### MATERIAL FOR THIS EXERCISE
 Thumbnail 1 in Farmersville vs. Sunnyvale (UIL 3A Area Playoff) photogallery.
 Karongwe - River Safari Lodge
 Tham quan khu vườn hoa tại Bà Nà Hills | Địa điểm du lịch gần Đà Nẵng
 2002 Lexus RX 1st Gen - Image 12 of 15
* * *
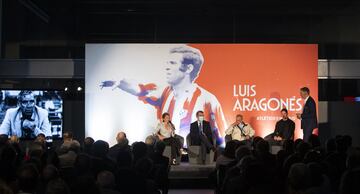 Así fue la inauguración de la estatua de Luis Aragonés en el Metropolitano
* * *
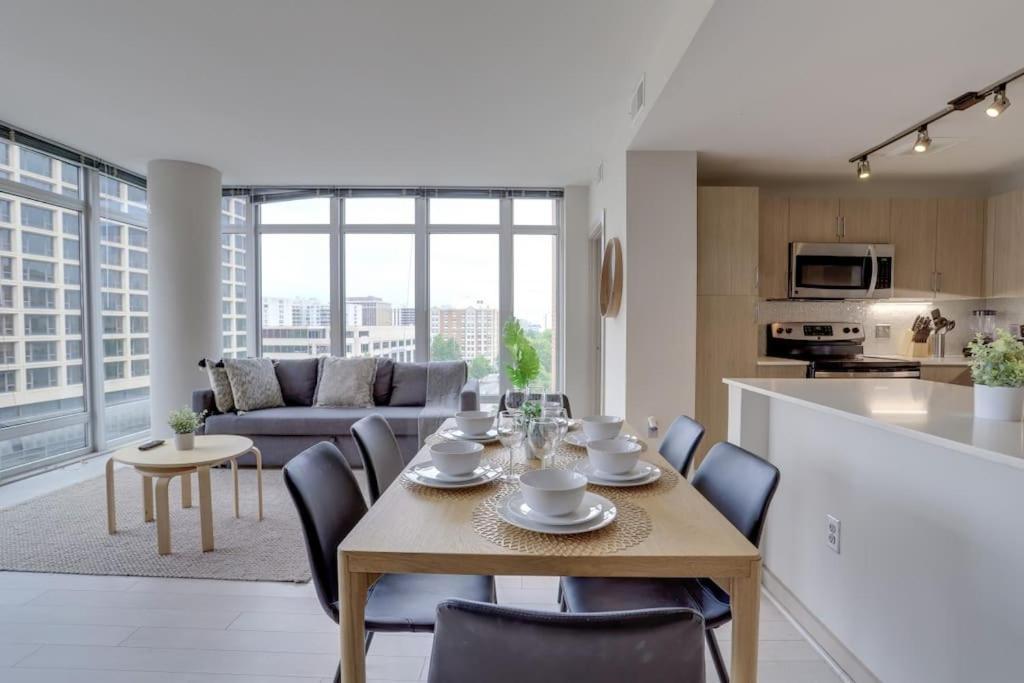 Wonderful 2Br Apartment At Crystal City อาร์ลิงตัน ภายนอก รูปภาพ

### REQUIRED ACTION
In the entries above, find the line holding "Tham quan khu" and the line holding "2002 Lexus RX 1st Gen - Image 12 of 15", then retype exactly those two lines and every line between them, and nothing else.

### WORKED SOLUTION
 Tham quan khu vườn hoa tại Bà Nà Hills | Địa điểm du lịch gần Đà Nẵng
 2002 Lexus RX 1st Gen - Image 12 of 15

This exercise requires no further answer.